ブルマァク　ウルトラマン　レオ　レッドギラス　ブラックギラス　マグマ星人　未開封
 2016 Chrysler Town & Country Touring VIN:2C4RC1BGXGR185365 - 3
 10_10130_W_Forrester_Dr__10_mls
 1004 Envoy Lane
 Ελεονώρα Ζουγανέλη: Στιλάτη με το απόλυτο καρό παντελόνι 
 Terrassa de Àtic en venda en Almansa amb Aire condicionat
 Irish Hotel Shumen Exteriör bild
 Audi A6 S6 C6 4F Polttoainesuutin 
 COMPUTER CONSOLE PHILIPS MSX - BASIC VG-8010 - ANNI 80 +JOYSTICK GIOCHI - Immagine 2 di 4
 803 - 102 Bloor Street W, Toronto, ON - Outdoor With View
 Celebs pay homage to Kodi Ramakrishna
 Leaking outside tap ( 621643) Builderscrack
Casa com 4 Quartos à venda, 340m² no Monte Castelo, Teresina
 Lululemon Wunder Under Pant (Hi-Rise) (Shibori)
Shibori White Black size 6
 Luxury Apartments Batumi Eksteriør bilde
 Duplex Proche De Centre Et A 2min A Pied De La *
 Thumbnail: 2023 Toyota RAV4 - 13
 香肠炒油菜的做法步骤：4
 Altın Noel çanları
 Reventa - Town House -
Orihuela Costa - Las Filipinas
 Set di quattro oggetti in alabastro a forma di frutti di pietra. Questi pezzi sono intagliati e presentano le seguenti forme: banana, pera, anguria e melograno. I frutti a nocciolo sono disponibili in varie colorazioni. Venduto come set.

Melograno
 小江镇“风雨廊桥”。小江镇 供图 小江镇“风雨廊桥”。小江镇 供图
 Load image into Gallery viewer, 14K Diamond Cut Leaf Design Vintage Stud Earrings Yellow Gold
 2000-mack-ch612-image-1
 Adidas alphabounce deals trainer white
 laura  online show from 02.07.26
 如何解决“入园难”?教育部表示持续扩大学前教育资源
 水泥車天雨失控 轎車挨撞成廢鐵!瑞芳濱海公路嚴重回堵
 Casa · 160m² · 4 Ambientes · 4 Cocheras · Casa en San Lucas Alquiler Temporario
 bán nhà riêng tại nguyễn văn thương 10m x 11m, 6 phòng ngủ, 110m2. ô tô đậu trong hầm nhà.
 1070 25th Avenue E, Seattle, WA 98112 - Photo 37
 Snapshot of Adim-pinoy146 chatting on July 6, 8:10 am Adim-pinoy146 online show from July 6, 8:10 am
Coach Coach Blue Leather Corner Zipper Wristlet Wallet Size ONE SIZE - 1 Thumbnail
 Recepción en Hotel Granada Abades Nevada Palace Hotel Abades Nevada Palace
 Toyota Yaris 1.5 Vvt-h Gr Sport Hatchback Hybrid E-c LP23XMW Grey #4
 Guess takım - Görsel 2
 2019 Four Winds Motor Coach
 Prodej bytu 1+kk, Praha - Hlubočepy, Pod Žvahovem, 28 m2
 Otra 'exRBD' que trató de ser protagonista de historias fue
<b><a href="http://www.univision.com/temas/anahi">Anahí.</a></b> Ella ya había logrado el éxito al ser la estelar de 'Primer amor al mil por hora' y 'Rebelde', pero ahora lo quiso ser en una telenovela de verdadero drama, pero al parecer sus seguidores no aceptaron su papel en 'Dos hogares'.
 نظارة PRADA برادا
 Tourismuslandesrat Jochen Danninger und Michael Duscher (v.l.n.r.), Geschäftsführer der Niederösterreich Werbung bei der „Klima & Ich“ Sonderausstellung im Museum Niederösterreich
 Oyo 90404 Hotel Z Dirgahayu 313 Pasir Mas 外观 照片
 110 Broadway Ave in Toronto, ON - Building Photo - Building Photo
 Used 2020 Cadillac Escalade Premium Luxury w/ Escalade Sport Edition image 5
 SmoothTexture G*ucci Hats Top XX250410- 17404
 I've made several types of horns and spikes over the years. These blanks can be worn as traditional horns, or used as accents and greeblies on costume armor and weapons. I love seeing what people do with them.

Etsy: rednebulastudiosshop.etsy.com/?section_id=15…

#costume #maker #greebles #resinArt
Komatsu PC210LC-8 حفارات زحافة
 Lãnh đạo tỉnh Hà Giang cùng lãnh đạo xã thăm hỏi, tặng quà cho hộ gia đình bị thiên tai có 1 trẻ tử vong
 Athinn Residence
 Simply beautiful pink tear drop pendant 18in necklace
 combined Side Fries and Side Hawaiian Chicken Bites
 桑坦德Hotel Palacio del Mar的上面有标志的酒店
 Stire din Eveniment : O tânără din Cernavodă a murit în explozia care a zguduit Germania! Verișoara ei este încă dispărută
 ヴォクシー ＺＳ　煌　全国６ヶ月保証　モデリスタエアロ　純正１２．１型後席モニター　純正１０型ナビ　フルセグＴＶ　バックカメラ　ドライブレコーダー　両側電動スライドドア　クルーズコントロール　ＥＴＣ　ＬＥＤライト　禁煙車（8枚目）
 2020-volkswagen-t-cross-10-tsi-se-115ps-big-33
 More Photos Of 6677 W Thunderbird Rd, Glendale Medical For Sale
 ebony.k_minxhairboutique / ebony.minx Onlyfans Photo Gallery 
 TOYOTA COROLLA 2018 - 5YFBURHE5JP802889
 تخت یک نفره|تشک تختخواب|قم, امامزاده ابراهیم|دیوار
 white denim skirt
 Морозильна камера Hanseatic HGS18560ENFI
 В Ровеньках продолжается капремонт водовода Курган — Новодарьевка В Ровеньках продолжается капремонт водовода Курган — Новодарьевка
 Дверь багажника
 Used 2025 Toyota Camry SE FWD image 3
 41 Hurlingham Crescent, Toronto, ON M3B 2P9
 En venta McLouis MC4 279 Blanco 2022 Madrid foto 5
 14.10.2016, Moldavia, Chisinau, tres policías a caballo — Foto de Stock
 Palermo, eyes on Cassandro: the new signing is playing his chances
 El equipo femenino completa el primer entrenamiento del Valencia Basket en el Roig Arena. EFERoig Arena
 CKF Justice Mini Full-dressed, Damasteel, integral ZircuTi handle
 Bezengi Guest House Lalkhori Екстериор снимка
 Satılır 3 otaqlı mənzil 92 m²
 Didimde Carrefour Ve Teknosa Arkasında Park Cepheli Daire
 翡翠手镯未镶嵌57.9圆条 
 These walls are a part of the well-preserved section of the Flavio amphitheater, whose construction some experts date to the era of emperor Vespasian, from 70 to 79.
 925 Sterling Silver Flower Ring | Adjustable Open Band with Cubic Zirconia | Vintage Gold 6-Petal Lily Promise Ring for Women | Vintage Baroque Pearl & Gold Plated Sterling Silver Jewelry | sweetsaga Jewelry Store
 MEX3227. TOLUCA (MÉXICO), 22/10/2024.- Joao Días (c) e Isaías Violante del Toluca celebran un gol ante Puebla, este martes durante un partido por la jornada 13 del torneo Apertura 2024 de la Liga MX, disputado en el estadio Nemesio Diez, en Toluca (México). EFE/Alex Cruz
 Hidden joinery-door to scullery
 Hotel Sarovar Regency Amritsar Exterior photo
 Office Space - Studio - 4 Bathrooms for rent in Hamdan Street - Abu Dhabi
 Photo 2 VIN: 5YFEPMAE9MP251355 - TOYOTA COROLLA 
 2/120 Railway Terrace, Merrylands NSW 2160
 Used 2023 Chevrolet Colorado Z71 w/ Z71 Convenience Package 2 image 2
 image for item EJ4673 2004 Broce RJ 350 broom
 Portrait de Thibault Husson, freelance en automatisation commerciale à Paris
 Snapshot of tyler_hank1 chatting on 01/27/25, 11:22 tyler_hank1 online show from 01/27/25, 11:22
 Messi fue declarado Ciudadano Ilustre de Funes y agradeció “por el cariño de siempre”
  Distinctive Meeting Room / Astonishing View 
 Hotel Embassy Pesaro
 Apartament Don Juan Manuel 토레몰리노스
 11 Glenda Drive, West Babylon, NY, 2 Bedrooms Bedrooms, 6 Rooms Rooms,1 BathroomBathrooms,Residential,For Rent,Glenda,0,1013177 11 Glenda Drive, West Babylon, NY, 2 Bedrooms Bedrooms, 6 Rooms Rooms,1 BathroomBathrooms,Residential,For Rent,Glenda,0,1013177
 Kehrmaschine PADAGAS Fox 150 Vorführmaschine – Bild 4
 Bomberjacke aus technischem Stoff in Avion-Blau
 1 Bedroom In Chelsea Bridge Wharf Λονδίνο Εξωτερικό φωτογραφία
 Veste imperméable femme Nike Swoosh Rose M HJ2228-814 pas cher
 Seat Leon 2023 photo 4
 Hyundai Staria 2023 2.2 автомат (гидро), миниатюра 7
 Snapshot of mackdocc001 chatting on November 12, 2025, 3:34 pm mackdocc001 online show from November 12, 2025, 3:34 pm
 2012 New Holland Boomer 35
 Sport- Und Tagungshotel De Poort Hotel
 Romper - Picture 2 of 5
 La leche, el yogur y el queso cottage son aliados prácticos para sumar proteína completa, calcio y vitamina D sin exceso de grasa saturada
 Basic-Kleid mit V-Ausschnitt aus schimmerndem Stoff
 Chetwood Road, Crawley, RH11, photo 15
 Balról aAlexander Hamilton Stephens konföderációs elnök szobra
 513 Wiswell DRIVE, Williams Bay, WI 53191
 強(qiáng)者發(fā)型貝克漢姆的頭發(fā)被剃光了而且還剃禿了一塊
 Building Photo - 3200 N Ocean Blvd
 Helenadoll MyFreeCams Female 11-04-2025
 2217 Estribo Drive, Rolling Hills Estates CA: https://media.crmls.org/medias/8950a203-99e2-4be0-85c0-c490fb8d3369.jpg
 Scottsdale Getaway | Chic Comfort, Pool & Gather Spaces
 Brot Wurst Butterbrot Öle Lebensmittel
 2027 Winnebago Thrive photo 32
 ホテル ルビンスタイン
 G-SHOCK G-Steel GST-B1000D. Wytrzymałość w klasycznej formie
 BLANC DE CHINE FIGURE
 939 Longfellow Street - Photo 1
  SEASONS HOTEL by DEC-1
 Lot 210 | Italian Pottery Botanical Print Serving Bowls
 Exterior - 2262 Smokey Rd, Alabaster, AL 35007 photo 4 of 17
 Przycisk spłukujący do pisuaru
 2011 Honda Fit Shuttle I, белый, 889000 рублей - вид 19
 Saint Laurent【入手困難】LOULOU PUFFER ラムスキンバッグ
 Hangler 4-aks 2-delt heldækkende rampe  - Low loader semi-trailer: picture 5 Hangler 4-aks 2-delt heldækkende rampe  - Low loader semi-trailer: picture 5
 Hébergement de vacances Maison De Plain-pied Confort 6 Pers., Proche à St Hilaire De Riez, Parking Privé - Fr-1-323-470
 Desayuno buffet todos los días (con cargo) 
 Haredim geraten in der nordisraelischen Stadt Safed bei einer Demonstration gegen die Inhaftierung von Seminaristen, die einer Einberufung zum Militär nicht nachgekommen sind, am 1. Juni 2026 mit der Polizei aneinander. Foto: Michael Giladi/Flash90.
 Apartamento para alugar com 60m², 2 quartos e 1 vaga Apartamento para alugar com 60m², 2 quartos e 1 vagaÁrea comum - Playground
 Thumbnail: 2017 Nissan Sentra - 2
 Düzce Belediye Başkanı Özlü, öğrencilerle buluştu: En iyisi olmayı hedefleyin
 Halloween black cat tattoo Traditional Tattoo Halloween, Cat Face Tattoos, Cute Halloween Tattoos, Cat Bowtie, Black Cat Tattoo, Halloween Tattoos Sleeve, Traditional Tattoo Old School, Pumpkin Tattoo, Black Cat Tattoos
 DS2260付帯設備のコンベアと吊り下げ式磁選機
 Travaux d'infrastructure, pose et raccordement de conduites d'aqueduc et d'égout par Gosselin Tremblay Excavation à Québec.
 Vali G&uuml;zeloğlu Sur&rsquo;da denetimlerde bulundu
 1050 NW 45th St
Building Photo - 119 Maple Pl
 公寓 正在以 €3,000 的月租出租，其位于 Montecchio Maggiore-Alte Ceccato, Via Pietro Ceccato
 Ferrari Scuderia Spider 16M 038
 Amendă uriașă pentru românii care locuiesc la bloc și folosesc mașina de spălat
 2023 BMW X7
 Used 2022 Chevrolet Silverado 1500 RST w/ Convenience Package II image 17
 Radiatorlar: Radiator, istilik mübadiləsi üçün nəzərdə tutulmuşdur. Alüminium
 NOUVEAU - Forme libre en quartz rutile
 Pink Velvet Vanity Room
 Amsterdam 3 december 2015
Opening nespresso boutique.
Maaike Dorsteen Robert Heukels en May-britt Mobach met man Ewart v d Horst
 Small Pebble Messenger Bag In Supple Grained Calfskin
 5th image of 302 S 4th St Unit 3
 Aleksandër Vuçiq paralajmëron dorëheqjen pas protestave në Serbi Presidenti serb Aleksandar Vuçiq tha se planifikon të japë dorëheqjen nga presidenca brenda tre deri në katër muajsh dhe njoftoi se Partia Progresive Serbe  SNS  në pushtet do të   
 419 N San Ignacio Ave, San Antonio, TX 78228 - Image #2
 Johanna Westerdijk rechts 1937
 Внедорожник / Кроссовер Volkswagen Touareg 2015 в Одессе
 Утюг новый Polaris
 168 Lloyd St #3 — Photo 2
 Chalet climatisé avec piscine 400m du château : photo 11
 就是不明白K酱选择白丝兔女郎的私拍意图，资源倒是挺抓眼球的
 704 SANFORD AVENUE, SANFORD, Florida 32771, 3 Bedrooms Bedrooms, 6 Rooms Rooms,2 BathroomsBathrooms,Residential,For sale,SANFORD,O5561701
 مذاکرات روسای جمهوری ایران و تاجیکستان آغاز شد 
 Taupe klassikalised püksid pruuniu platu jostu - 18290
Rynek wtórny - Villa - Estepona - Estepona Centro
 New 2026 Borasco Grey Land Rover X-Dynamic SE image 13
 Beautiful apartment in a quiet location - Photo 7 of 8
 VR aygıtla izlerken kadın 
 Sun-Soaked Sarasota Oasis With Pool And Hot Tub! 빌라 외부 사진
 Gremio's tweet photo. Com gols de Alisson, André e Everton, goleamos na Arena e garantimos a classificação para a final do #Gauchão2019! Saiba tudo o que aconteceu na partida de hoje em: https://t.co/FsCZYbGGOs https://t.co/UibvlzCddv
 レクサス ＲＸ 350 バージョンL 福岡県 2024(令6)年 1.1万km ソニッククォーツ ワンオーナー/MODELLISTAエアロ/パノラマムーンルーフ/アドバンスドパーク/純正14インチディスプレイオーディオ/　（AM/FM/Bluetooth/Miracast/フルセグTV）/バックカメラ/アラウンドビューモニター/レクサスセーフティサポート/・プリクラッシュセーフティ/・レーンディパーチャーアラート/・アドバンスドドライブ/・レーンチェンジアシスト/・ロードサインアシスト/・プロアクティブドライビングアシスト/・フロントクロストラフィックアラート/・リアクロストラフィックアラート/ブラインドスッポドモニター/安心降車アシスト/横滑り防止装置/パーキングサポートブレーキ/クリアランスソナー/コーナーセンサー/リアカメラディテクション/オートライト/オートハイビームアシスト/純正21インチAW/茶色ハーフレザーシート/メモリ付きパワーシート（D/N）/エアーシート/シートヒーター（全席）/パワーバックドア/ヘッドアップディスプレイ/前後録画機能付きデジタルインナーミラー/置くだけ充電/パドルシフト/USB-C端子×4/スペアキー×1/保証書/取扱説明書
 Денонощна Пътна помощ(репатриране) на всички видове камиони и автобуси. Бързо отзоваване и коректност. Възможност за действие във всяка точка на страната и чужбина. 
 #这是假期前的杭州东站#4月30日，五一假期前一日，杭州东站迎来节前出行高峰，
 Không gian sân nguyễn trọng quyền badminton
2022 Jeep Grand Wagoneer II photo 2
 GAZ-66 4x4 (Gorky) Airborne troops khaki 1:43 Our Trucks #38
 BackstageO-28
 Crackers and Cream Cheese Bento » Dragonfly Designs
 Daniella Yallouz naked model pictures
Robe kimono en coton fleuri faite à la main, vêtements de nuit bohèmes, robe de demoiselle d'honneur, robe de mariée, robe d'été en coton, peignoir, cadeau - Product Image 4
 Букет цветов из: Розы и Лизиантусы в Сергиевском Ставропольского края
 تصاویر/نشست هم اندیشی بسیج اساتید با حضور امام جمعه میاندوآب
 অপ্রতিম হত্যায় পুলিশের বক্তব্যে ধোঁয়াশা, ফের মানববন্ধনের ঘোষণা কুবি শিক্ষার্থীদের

------------------------

> _Exercise requirements_: Your answer must be every line from the entries that contains the string "Toronto", copied as it stands.

> _Your response_:
 803 - 102 Bloor Street W, Toronto, ON - Outdoor With View
 110 Broadway Ave in Toronto, ON - Building Photo - Building Photo
 41 Hurlingham Crescent, Toronto, ON M3B 2P9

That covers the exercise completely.